Sand Adders: Hognose Snakes?

Native snake of the Nebraska Sandhills


When I was a child on the ranch in the Sandhills, the three snakes we saw most often were garter snakes, bull snakes, and sand adders.

In the previous sentence, I linked the words "bull snakes" and "garter snakes" to photographs, but I didn't link "sand adder" because I've never been completely sure what sand adders are!

Toad Eaters

Apparently, "sand adder" is a local name for the snake. A Google search for "'sand adder' Nebraska" has only one result -- Shirley Baker Jipp's mention of the sand adder in the online sample chapter from her book, Sand Beneath My Shoes. "Occasionally a saucy, brown sand-adder, gliding through the sandy path, startled us."
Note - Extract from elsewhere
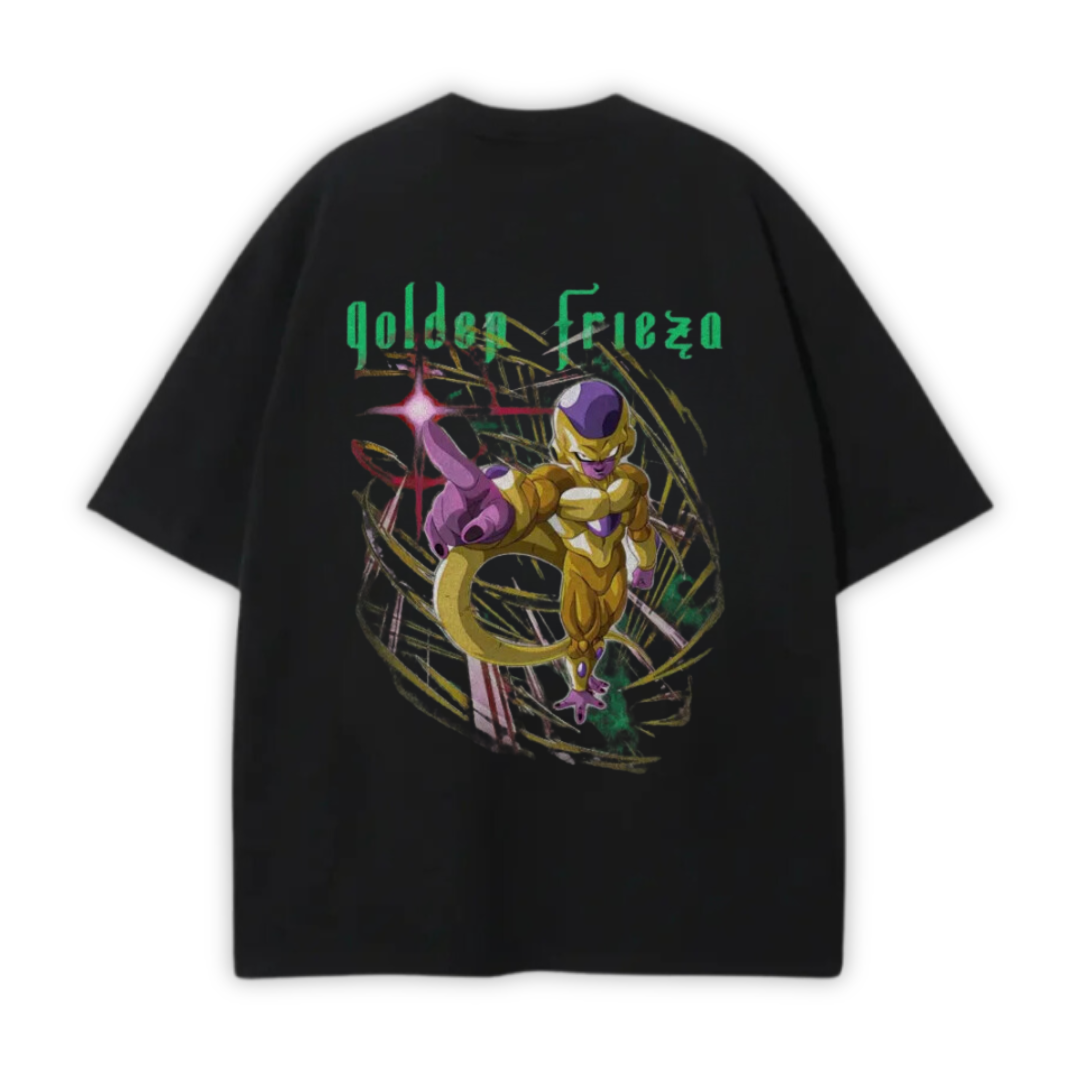 GOLDEN FRIEZA OVERSIZED TEE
After reading about and looking at snakes on the internet this evening, I suspect that the sand adder was a hognose snake. The size, coloration and markings of the hognose are compatible with the sand adder.
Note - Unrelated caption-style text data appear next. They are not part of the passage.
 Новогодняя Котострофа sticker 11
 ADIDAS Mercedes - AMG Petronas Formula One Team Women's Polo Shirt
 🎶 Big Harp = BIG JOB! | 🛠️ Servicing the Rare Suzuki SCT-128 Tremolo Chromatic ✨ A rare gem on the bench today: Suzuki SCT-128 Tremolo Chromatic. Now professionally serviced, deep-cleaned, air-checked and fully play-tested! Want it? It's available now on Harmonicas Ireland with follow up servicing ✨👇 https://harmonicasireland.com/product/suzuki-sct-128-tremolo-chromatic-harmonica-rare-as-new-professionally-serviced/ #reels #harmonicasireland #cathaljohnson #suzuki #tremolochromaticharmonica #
I found several types of hognose snakes mentioned as residents of Nebraska -- plains hognose, western hognose, and eastern hognose. They are all fairly similar in appearance, and apparently all of them like sandy areas.

One other reason that I believe the sand adder was a hognose snake is that hognoses eat amphibians, especially toads. I remember several times finding a sand adder in the process of consuming some poor toad.

My mother was always very fond of the toads in her garden, and she once killed a sand adder with her hoe because he was eating one of them. I don't know what happened to the toad. I hope he survived!

Hognoses have an upturned upper lip which is the surefire identifying characteristic of this snake. I never looked closely enough at a sand adder's mouth to know if its upper lip was curled or not.

Dangerous As They Look?

Many Sandhill folk believed that sand adders were poisonous snakes, or at least had heard that they were poisonous and weren't taking any chances to disprove the rumor. As children, we certainly believed they were poisonous, and a few years ago, I mentioned sand adders to my Sandhills friend, Sammie, and she too had grown up thinking they were poisonous.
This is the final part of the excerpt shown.